- Born: Nesbert Mukomberanwa Ruwa, Zimbabwe
- Occupation: Sculpture
- Relatives: Anderson Mukomberanwa (cousin); Ennica Mukomberanwa (cousin); Grace Mukomberanwa (aunt); Lawrence Mukomberanwa (cousin); Netsai Mukomberanwa (cousin); Nicholas Mukomberanwa(uncle); Taguma Mukomberanwa (cousin); Tendai Mukomberanwa (cousin);

= Nesbert Mukomberanwa =

Zimbabwean sculptor (born 1969)

Nesbert Mukomberanwa (born 1969) is a Zimbabwean sculptor.

== Background ==
Born in Buhera, Mukomberanwa began to study sculpture with his uncle in 1987; by 1989 he had struck out on his own, establishing a workshop in Chitungwiza. Here he worked for nearly a decade, before relocating in 1998 to the village of Dema to the south. Mukomberanwa currently serves as a teacher, providing a "Village Gallery" for young local sculptors to exhibit their work.

Mukomberanwa's work has been shown at exhibitions in the Netherlands, Switzerland, Great Britain, and the United States. The British Museum has examples of his work in its permanent collection.

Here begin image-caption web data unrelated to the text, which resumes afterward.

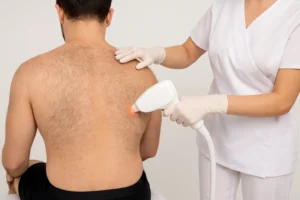 Laser Hair Removal Full Back (Without Buttocks) for Men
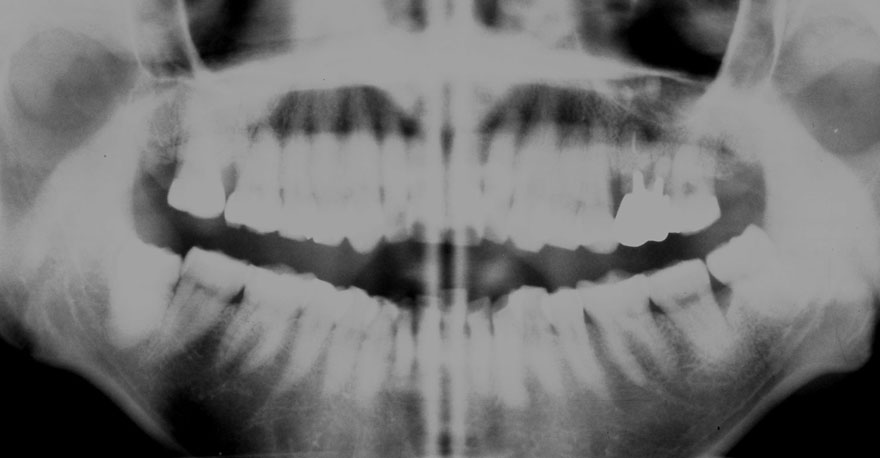 �͓c���Ȉ�@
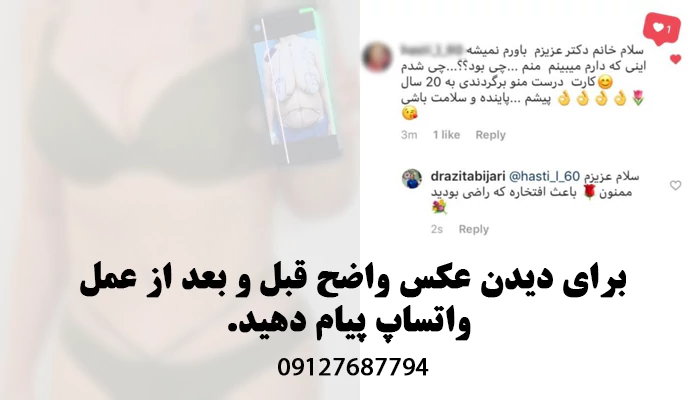 نمونه کار ابدومینوپلاستی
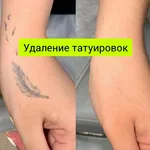 Сергей:  Удаление татуировок 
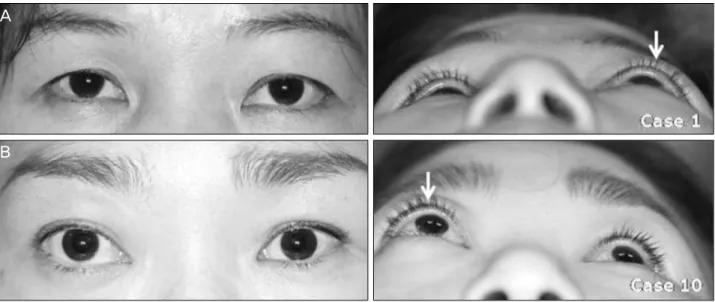 Figure 2. Eyelid photos of two patients showing proptosis resulting from ONSM. One patient (case 1) presented with proptosis of  the left eye (A, white arrow), and the other patient (case 10) showed proptosis of the right eye (B, white arrow).
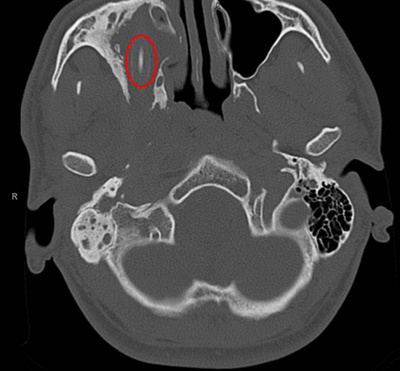 頭から鉛筆摘出、刺さったのは15年前？ドイツ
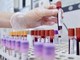Sclerosi multipla recidivante, Ema raccomanda approvazione ocrelizumab dai 10 anni Sclerosi multipla recidivante, Ema raccomanda approvazione ocrelizumab dai 10 anni
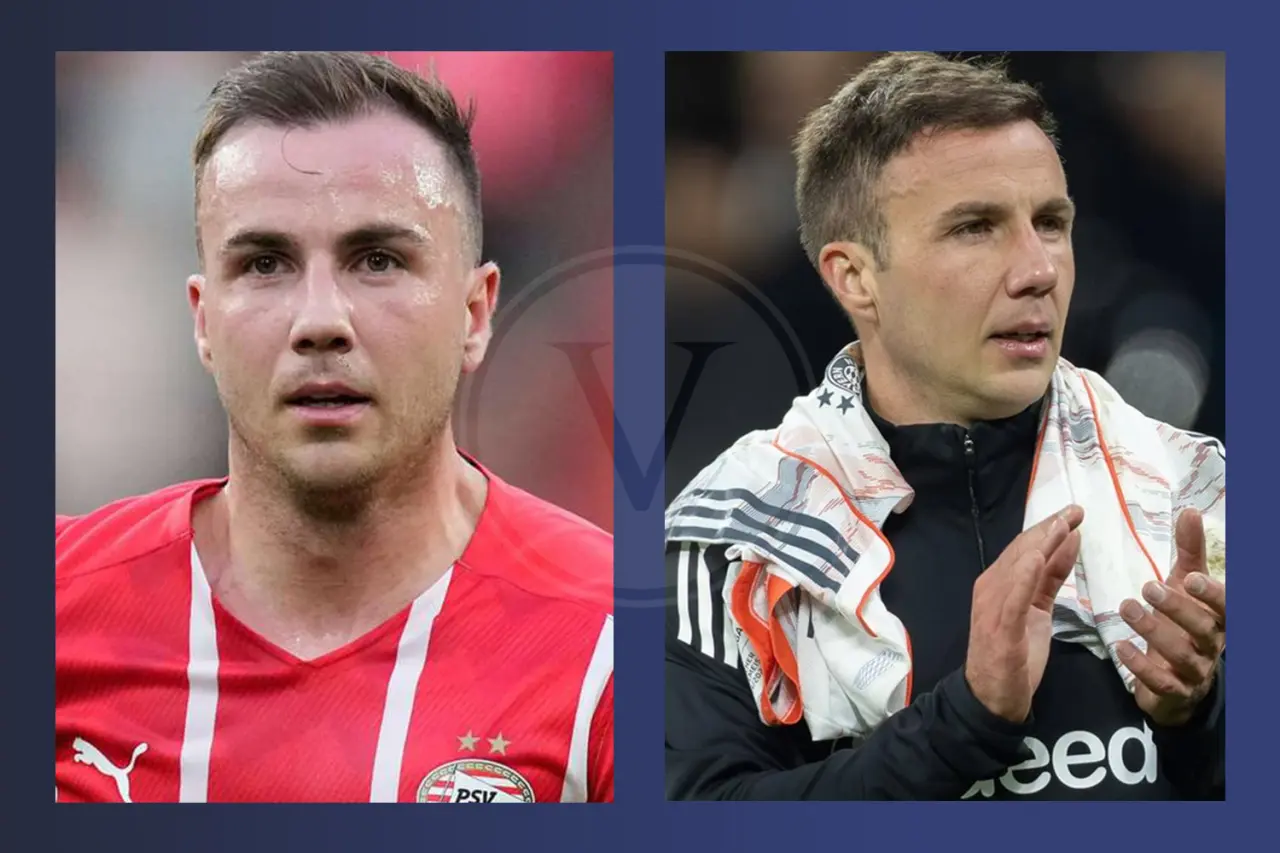 Mario Götze Haartransplantation: Vorher und Nachher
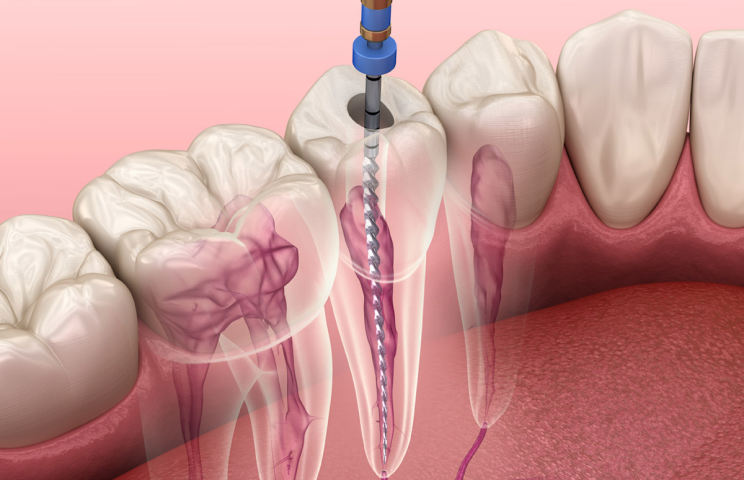 What will I feel if I have an infected tooth?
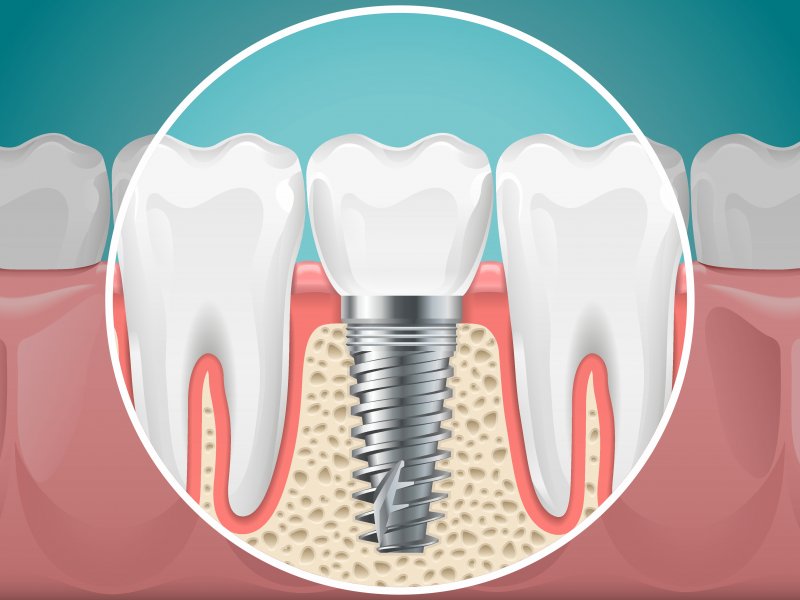 Illustration of dental implant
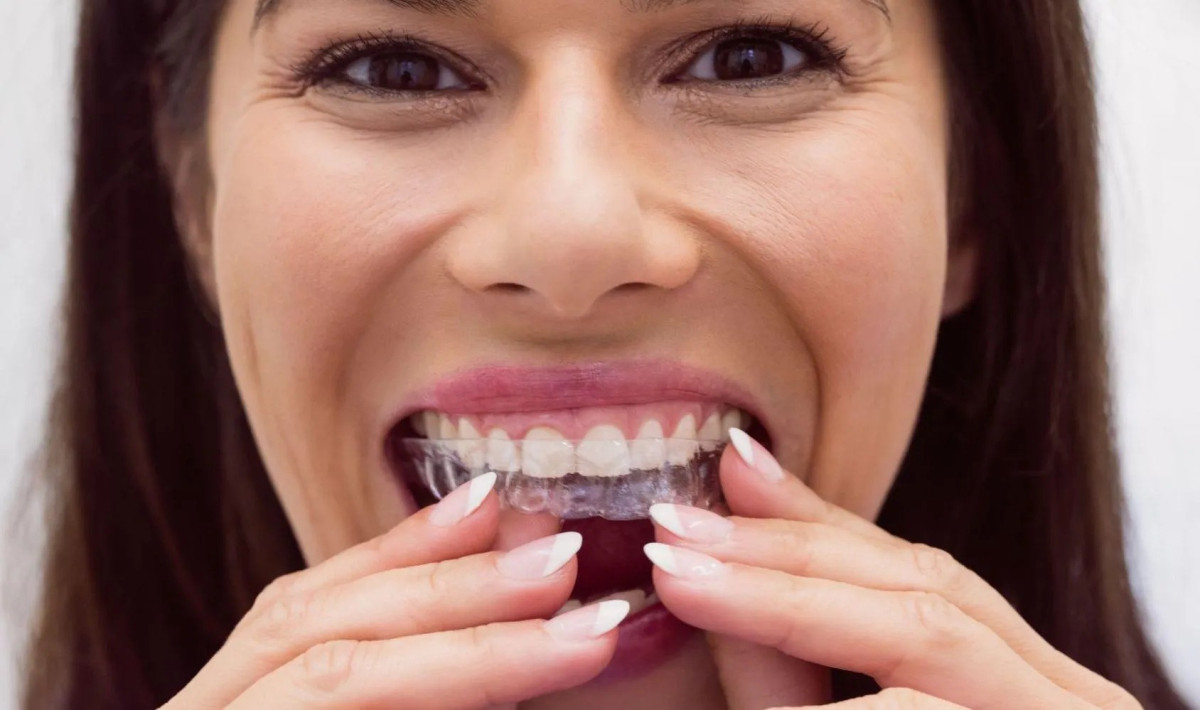 Discover the Best Orthodontist in Baton Rouge, LA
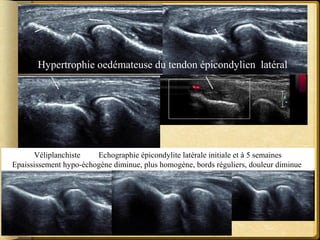 Hypertrophie oedémateuse du tendon épicondylien latéral 
Véliplanchiste Echographie épicondylite latérale initiale et à 5 semaines 
Epaississement hypo-échogène diminue, plus homogène, bords réguliers, douleur diminue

Mukomberanwa is a member of the Mukomberanwa family of sculptors. He is the nephew of Nicholas Mukomberanwa and Grace Mukomberanwa who were mentors and trained him in his craft. He is the cousin of sculptors Anderson, Ennica, Taguma, Tendai Mukomberanwa, Netsai, and Lawrence Mukomberanwa.